* _Assignment_: Restate exactly, and only, the lines from the one with "July Child Bath" through the end of the data, with both of those end lines kept. Drop any pictures.
(Input for this task)
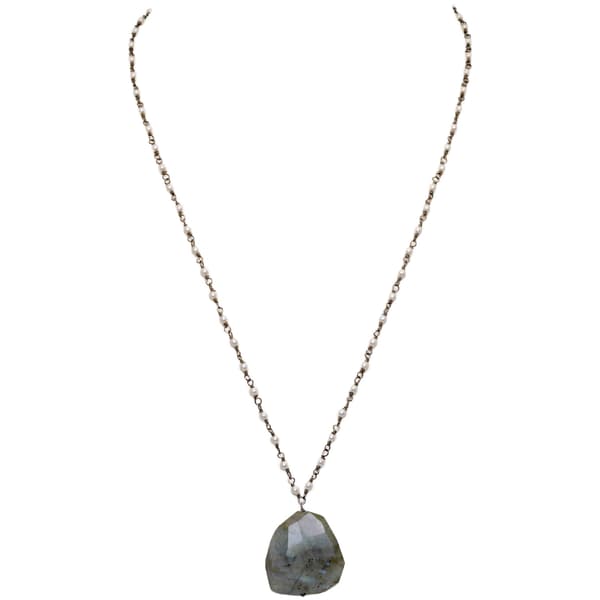 Labradorite Gemstone With Pearl Chain Black Rhodium Plating Bp1059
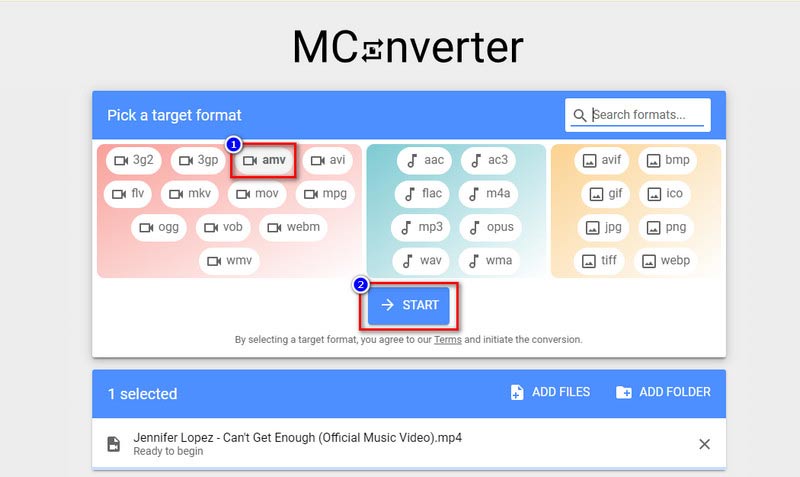 Mconverter Start AMV-konvertering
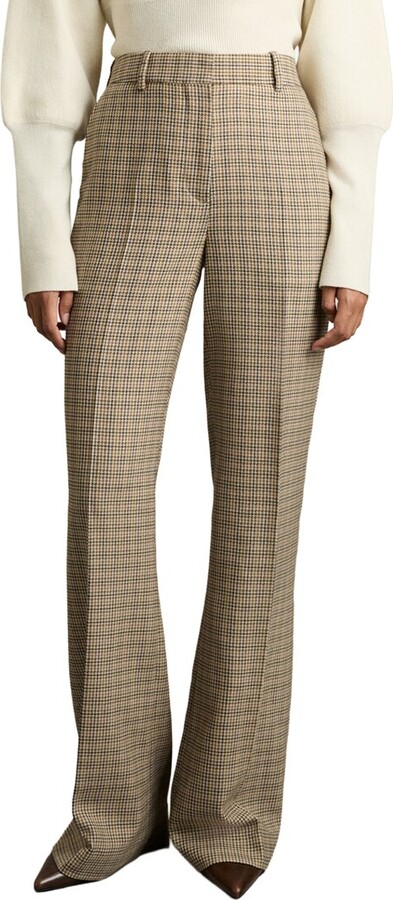 Reiss Vida Check Wool Wide Leg Trouser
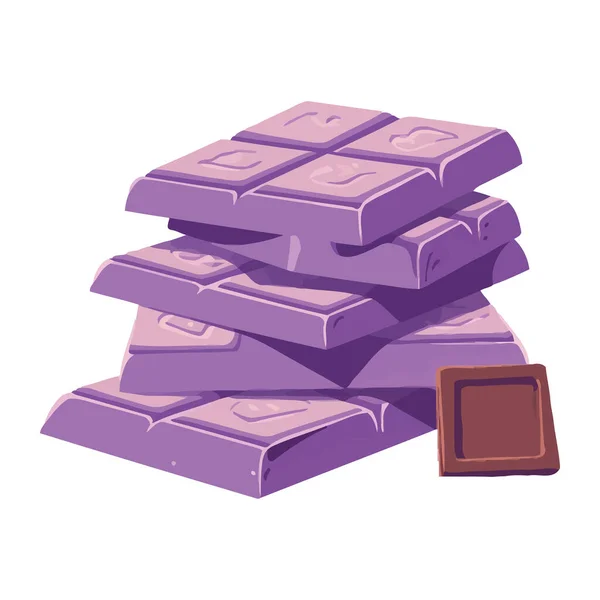 Barras Chocolate Púrpura Dulce Iconos Aislados — Vector de stock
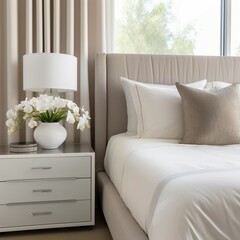 A close-up of a clean modern bedroom decorated with linens with luxurious soft white blankets with delicate natural light. 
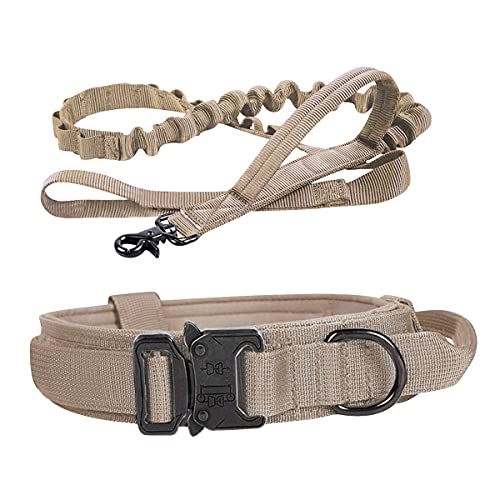 Adreamy Taktisches Hundehalsband, Militär, verstellbar, Nylon, Khaki, Größe L von Adreamy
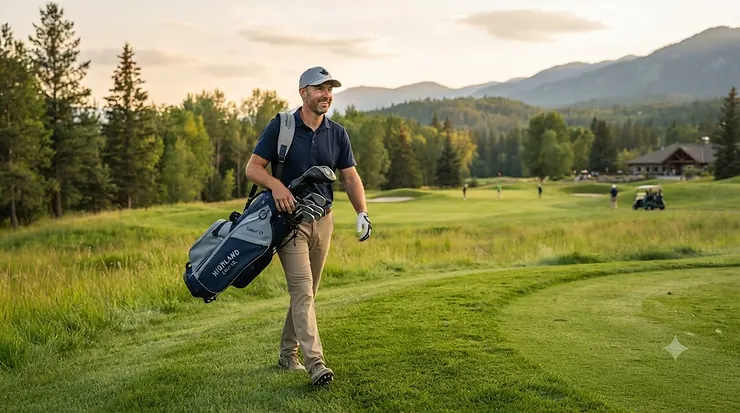 Golfer walking down a scenic Canadian fairway carrying one of the best Sunday golf bags, featuring lightweight design for 9-hole rounds.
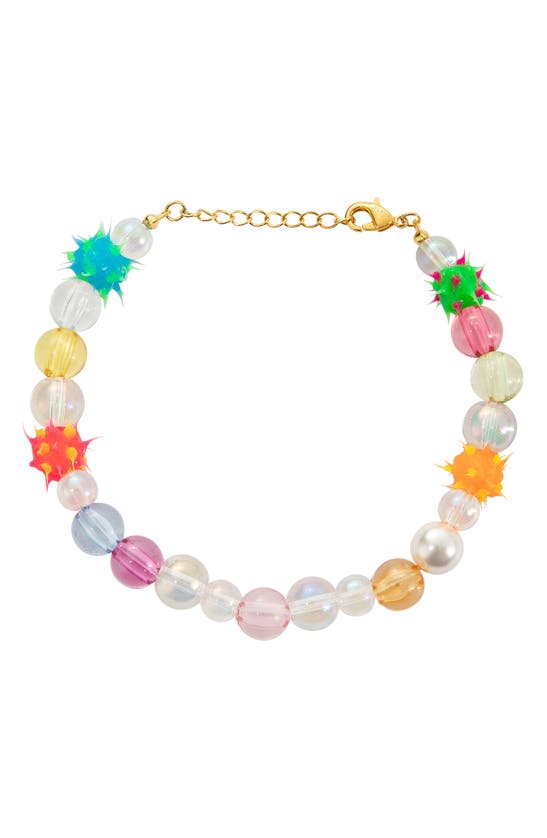 July Child Bath Bomb Beaded Bracelet In Beads/ Pearls/ 18k Plated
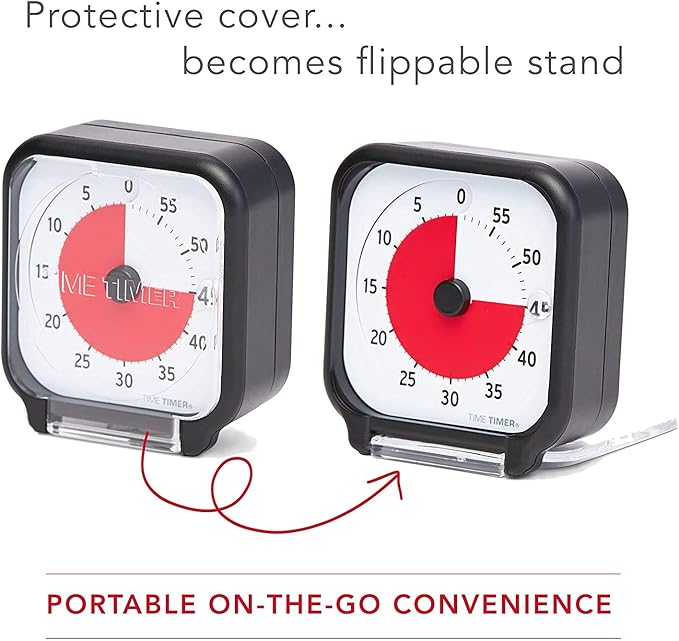 Time Timer 3 inch Visual Timer — 60 Minute Kids Desk Countdown Clock with Dry Erase Activity Card and Desktop App Access — for Kids Classroom, Homeschool Study Tool, Task Reminder, Home and Kitchen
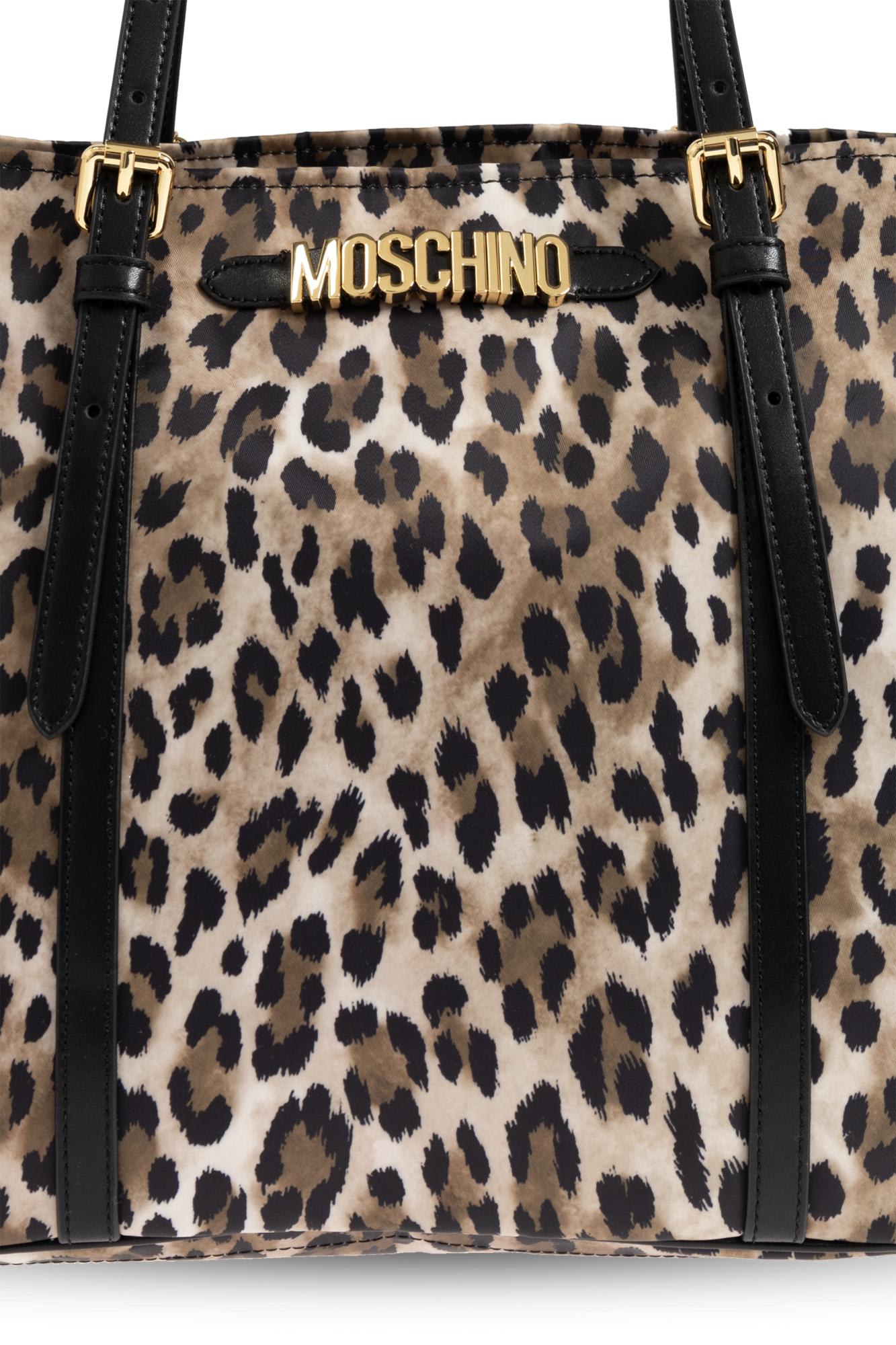 Shop Moschino Animal Print Shopper Bag In Beige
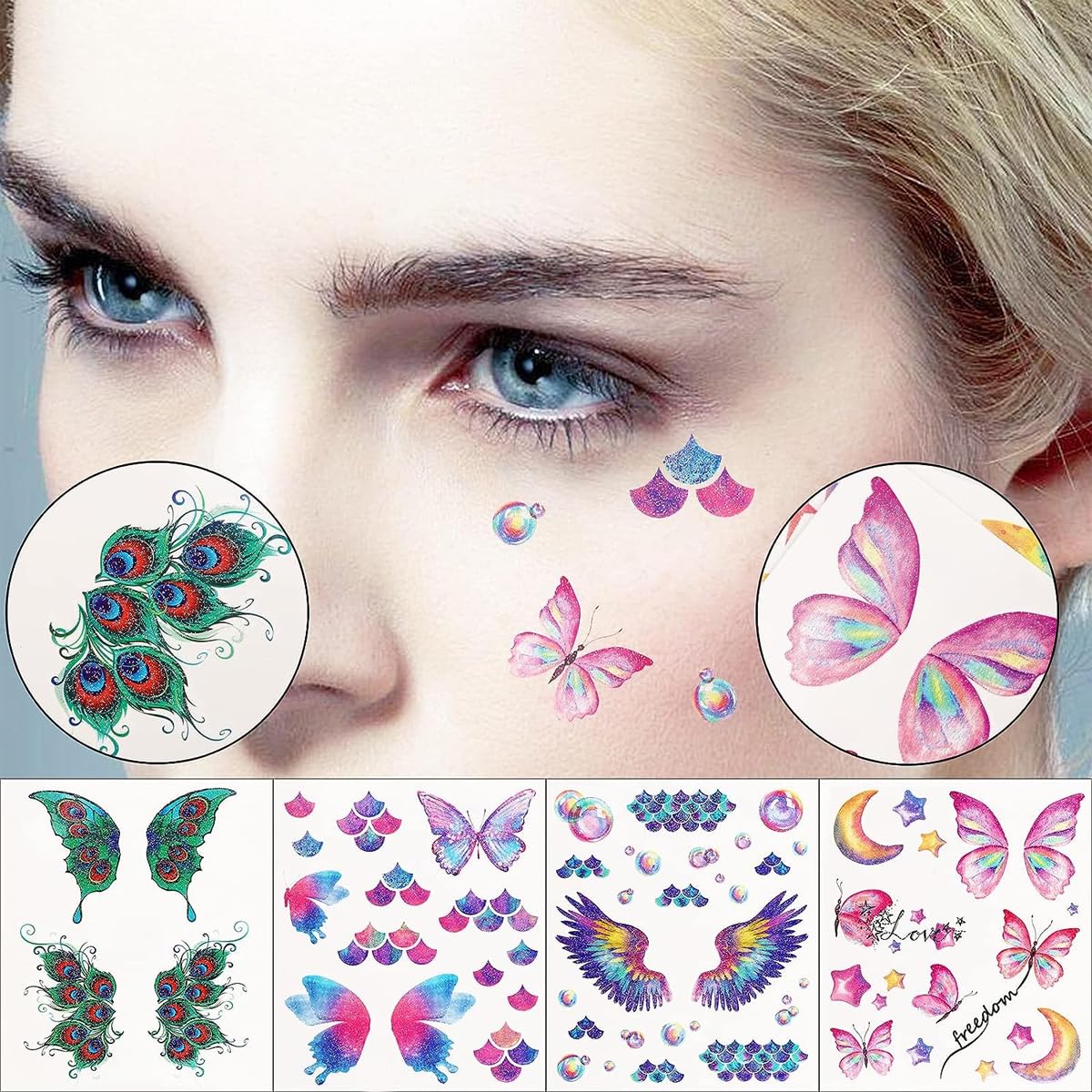 MAYCREATE Temporary Tattoo for Women Girls, Glitter Fake Tattoos Stickers for Face Arm Body, Adult Kids Freckle Tattoo Art for Rave Party Halloween (8 Styles)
(End Input for this task)
* _Response area_:
 July Child Bath Bomb Beaded Bracelet In Beads/ Pearls/ 18k Plated
 Time Timer 3 inch Visual Timer — 60 Minute Kids Desk Countdown Clock with Dry Erase Activity Card and Desktop App Access — for Kids Classroom, Homeschool Study Tool, Task Reminder, Home and Kitchen
 Shop Moschino Animal Print Shopper Bag In Beige
 MAYCREATE Temporary Tattoo for Women Girls, Glitter Fake Tattoos Stickers for Face Arm Body, Adult Kids Freckle Tattoo Art for Rave Party Halloween (8 Styles)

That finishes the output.